Now, 10 years after her first donation, Johnson was due to leave for Kenya yesterday with five other volunteers from Sleeping Children Around the World, to witness the children's reactions herself.
"I've just always wondered how they would react. Would they know what a mattress is? How would their first sleep on a mattress feel like? I'm just really excited to see their faces. I bet it probably feels just like heaven to them."
During her two-week stay, Johnson, along with the rest of the volunteer team, will be distributing 6,500 bed kits.
"That's 6,500 children who'll be going to sleep happier," she said, smiling.
There are specific criteria however that enable certain children to be more likely to receive a bed-kit than others. According to Johnson, a child must be attending school and have at least one working parent. She also said that the Rotary Club of Kenya selects the children and the charity organizes the manner in which the bed-kits are distributed.
"They gather the children in one area and talk to them a little bit about the charity and what's going to happen. Then they give them a fresh pair of clothes, their bed-kits and take their picture."
Johnson also added, that the point of the process is to make the children as comfortable as possible, because this experience, is often, very new to them.
She recalled a story that a pervious traveller had told her about his own personal experiences with the trip.
"He was taking the pictures, and as he would take the pictures he would tell the children to smile. However, in this country, every time he said the word smile, the children would look around, confused, and walk towards him," she laughed. "He kept thinking, what the heck am I saying that's making them come. And apparently the word smile, sounds a lot like the word come here in their language. So while he wanted them to smile, they thought he was asking them to move towards him."
Because the charity has a zero overhead policy -- that is, it is completely operated by volunteers -- Johnson is paying for the trip and its expenses from her own pocket.
"I've always been a traveller. I think that traveling for the sake of travelling is great, but I think travelling for a cause is just something totally different. That's why I'm going," she explained.
Johnson applied for the volunteer trip a year-and-a-half ago.

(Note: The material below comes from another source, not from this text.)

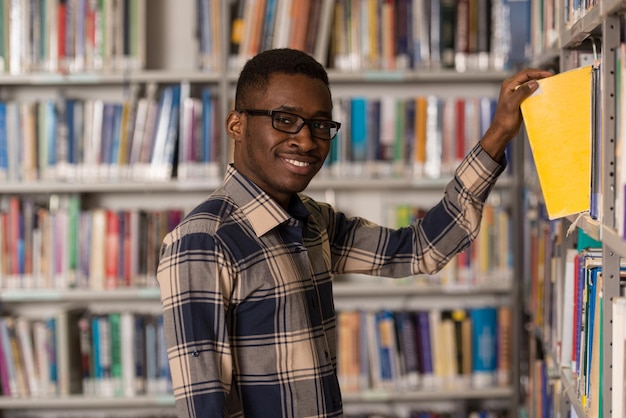 a, portrait, de, une, caucasien, étudiant collégial, homme, dans, bibliothèque, faible profondeur champ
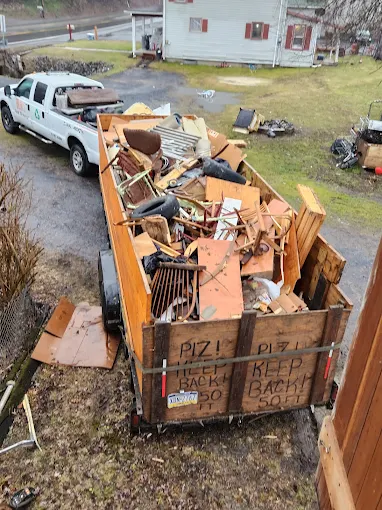 Brunk's Junk trailer loaded with furniture and construction debris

She was accepted in March.
She first heard about the charity from an announcement made at her church, and she has supported it, ever since.
"It's one of the quiet charities that I want to give my attention to, so that it won't be forgotten," said Johnson. "It's simple, no one phones you and no one knows how much money you donated."
The charity was founded by Margaret and Murray Dryden in 1970. Murray realized that a bed should be the basic right of every child, during the Great Depression, when he slept many nights without a bed. Since 1970, the charity has raised more than $20 million for bed-kits for more than 900,000 children in 32 countries.